Here’s how bad this is: you show up to a gig, and out of the blue, your machine starts popping or dropping buffers or creating random distortion. That’s clear-the-floor stuff, things that could make people never want to play again. […] People who work in support paint an ugly picture, and then anecdotal evidence is useful, because it covers a range of different situations. And it’s getting been worse through El Capitan: “OS X 10.9 (rare occurrences), OS X 10.10 (occasional occurrences) and OS X 10.11 (most occurrences, compared to the aforementioned OS versions).”

Now, it’s not uncommon to wait a few weeks when an OS comes out to make sure your complex ecosystem of software hosts, plug-ins, and hardware is compatible. But note the OS numbers – that’s years without a fix, and instead worsened regressions. That’s simply unacceptable. OS X 10.9 Mavericks is about to turn three years old (older if you count pre-release builds).

It is apparently fixed, with some caveats, in Sierra.

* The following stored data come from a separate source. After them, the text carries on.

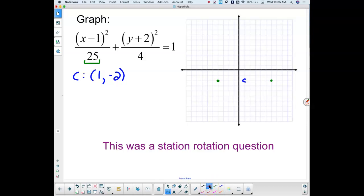Then I look at the number underneath the y, take the square root of that — that's how much up and down I go, which is 2 in each direction. That then allows me to draw in my ellipse. I always start with the four corners and just do — because you've got to be flat on the outsides, then I just fill in, because then it's an easy fill-in.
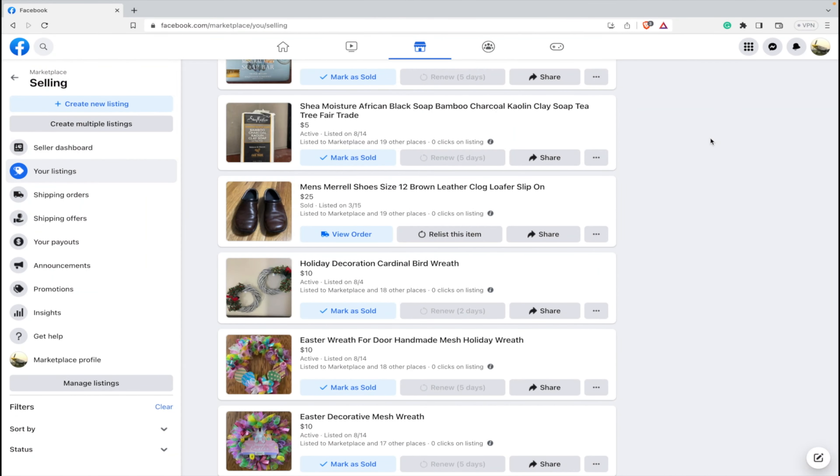Hey everyone, Spencer Coffman here with the Internet Hustler YouTube channel. Today I'm going to show you how to delete Facebook Marketplace sold orders or sold listings.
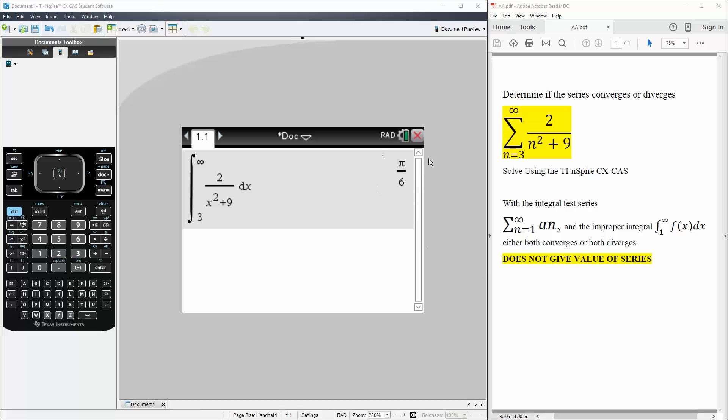So with this said, we know that this summation would converge. We don't know the specific value, but all we know is that it actually converges. And that's it.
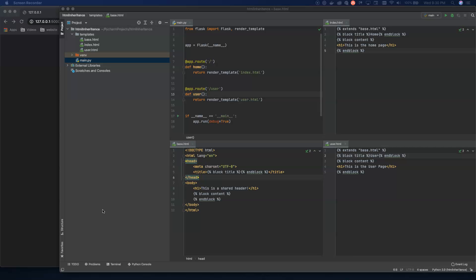Hello there, programmers, and welcome to another episode in our tutorial series on learning Flask programming in the Python language. I am Chris Franklin.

But:

In a now yearly ritual, Apple has broken plug-in validation for its own Audio Unit format. Open question: why? Why is this now a regular feature of updating an operating system for a format that has basically remained unchanged for years? Why shouldn’t desktop upgrades be the kind of no-brainer mobile upgrades are.

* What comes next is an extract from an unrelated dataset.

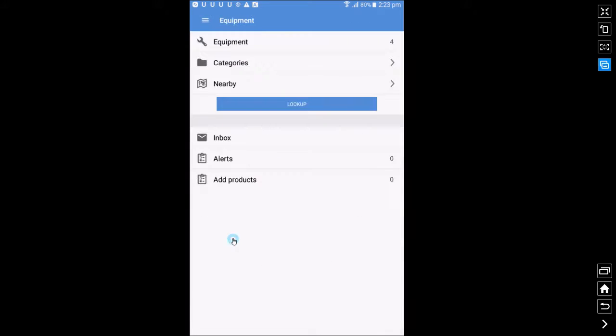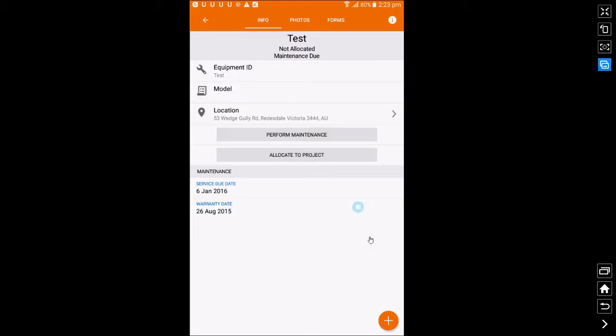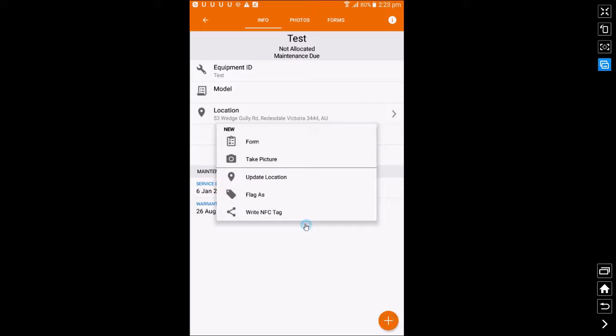Then select the Equipments list, then select the item of equipment you want to write an NFC tag to, then press the plus in the bottom right hand corner and write NFC tag.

There are some workarounds for plug-ins, but this reveals a deeper, more cultural problem at Apple. The inability to ship OS builds to developers in time for them to adapt, a tendency to change OS internals without properly documenting the results, or whatever the reason, the upshot is the same. If musicians can’t trust an upgrade, they won’t install it – and that means they will avoid critical fixes, too.

How Apple’s Hardline Privacy Policy Limits Key Features

Dan Moren:

When Apple first announced the feature, it made a big deal about the fact that the processing of photos for faces was done locally, on the device itself, rather than transmitted to servers. It was an obvious jab against Google Photos, which had already rolled out a similar feature, but did its processing in the cloud.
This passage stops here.